A second reduction is the number of tracks – 10 as opposed to 12 – and if we take into account that Ms Bush produces these albums herself, underwriting all the expenses, it’s feasible to speculate that cost is a factor. Yet another difference is the material; whilst All My Treasures offered a round dozen semi-standards, Dream Away divides its 10 selections equally into five well-known entries by veteran tunesmiths and five newer titles.

As with the first album the musicians complement the voice to a fare-thee-well and are well drilled. Ms Bush’s skill lies in selecting entries that are well known as opposed to well worn; the earliest title is In A Mellotone by Duke Ellington and Milt Gabler, the latest is The Shadow Of Your Smile, written for the film The Sandpiper by Johnny Mandel and Paul Francis Webster after Johnny Mercer’s song actually called The Sandpiper was rejected.

You Stepped Out Of A Dream was one of the last lyrics Gus Kahn ever wrote. It was featured in the MGM film Ziegfeld Girl in 1941 and Kahn died in October of that same year. Six years later the Broadway show Finian’s Rainbow was chock full of hits including If This Isn’t Love, which is track three here. The last of the five well-known titles, Tom Wolfe and Fran Landesman’s Spring Can Really Hang You Up The Most, was as ubiquitous in jazz circles in the 60s as How High The Moon and Lullaby Of Birdland had been in the 40s and 50s respectively.

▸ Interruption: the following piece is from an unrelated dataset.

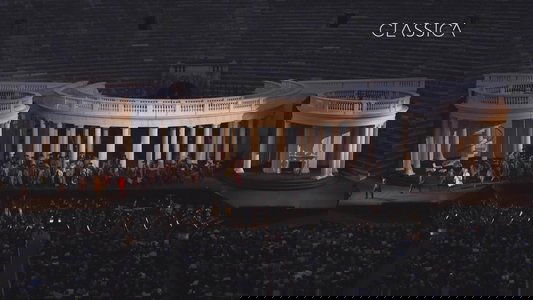 Un Ballo in Maschera (Verdi) - Arena di Verona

From the very first downbeat on track one it is crystal clear that this is a jazz album of the highest quality in which the musicians are given equal time with the vocalist, who is as at home on a ballad as a bouncer and equally adept at scatting. With luck it will find its audience.

Discography
You Stepped Out Of A Dream; Dream Away; If This Isn’t Love; The Shadow Of Your Smile; Keep It To Yourself; Blackfriars; You’re Ev’rything; In A Mellotone; Spring Can Really Hang You Up The Most; Hopelessly Devoted To You (63.50)
Bush (v); Liam Dunachie (p); Conor Chaplin (b); David Ingamells (d); Miguel Gorodi (t); Fliss Gorst (ts); Fish Factory Studios, England, August, 2020.